The Last Quarrel: The Complete Edition (#1-5)

by Duncan Lay

(Pub: Momentum Books, 2015)

**I received a free copy of this from NetGalley in exchange for an honest review.**

I really wanted to love this book, but unfortunately I didn’t. It had some qualities that I enjoyed: excellent action sequences, and a fallible hero, Fallon, who is also a family man.   I did enjoy the character development of Fallon’s wife, Bridgit – she begins to conquer her personal demons and emerges at the end of the series a stronger person and more likeable character.  However, I found it to be a plot with few surprises. 
The main problem for me was the combination of the stories in one volume.  (It is my understanding that this story was originally serialised in five parts.)  There is a need when writing a story which spans several volumes, with a substantial gap of time between each, to remind readers of certain aspects of the story or what has gone before.  When combined in one volume this became very repetitive and disengaged me as a reader. For example, the reader is often reminded of the marital problems between the hero and his wife and her depression and neurosis – this repetition was, in my opinion, unnecessary and added little to the story. The scenes that did this seemed almost carbon copies of each other. 

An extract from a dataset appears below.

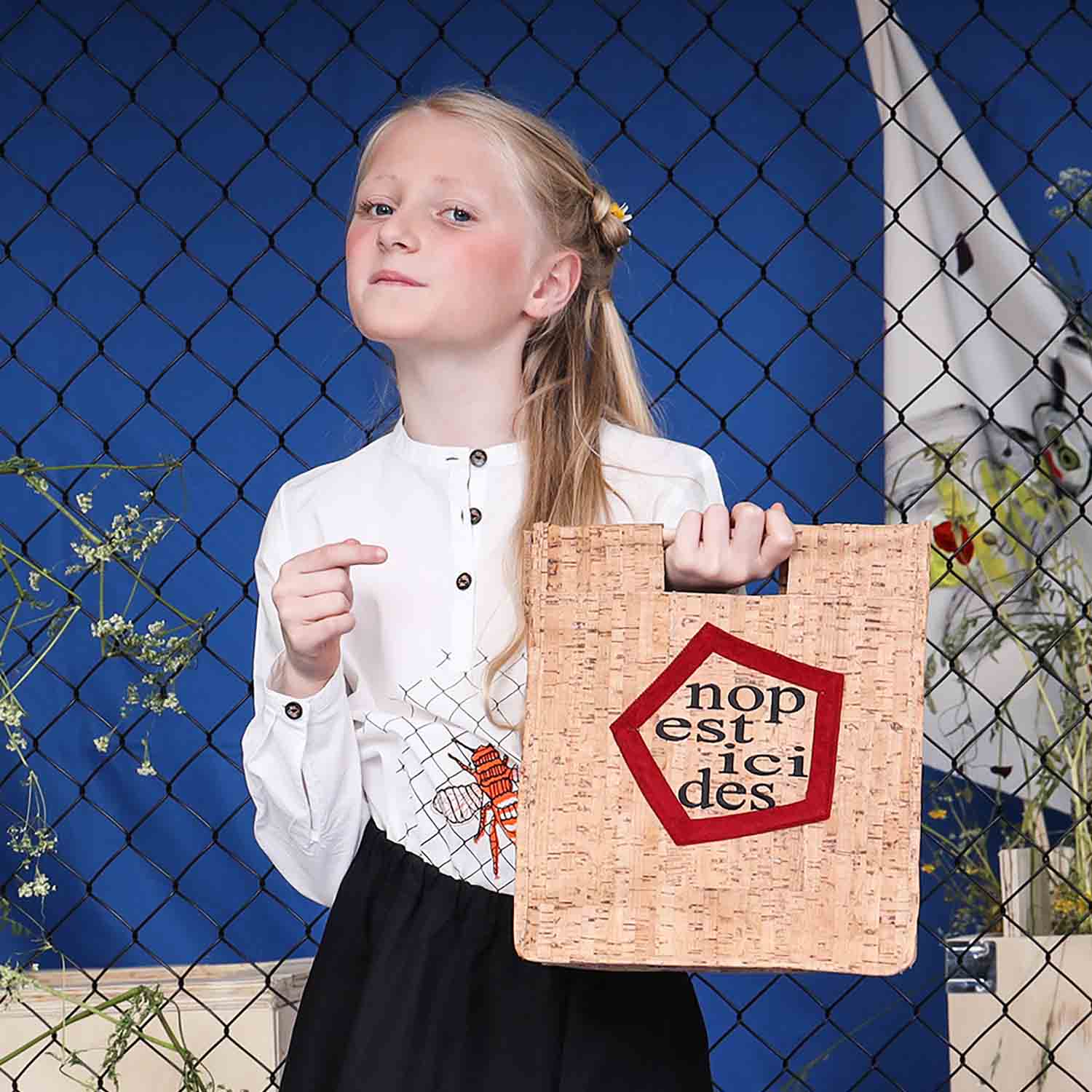 Cork Handbag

Perhaps this would not have been a problem if reading these parts as they were originally published, with a time gap, between each. 
In terms of pacing I found the first 300 pages (on my ereader)  on the slow side with an enormous amount of set up and little action.  After this the pacing improves greatly and the book is a much more enjoyable read.
I think the book could have benefited from a more judicious edit, particularly when combined. (Of course then it wouldn’t be the complete edition.)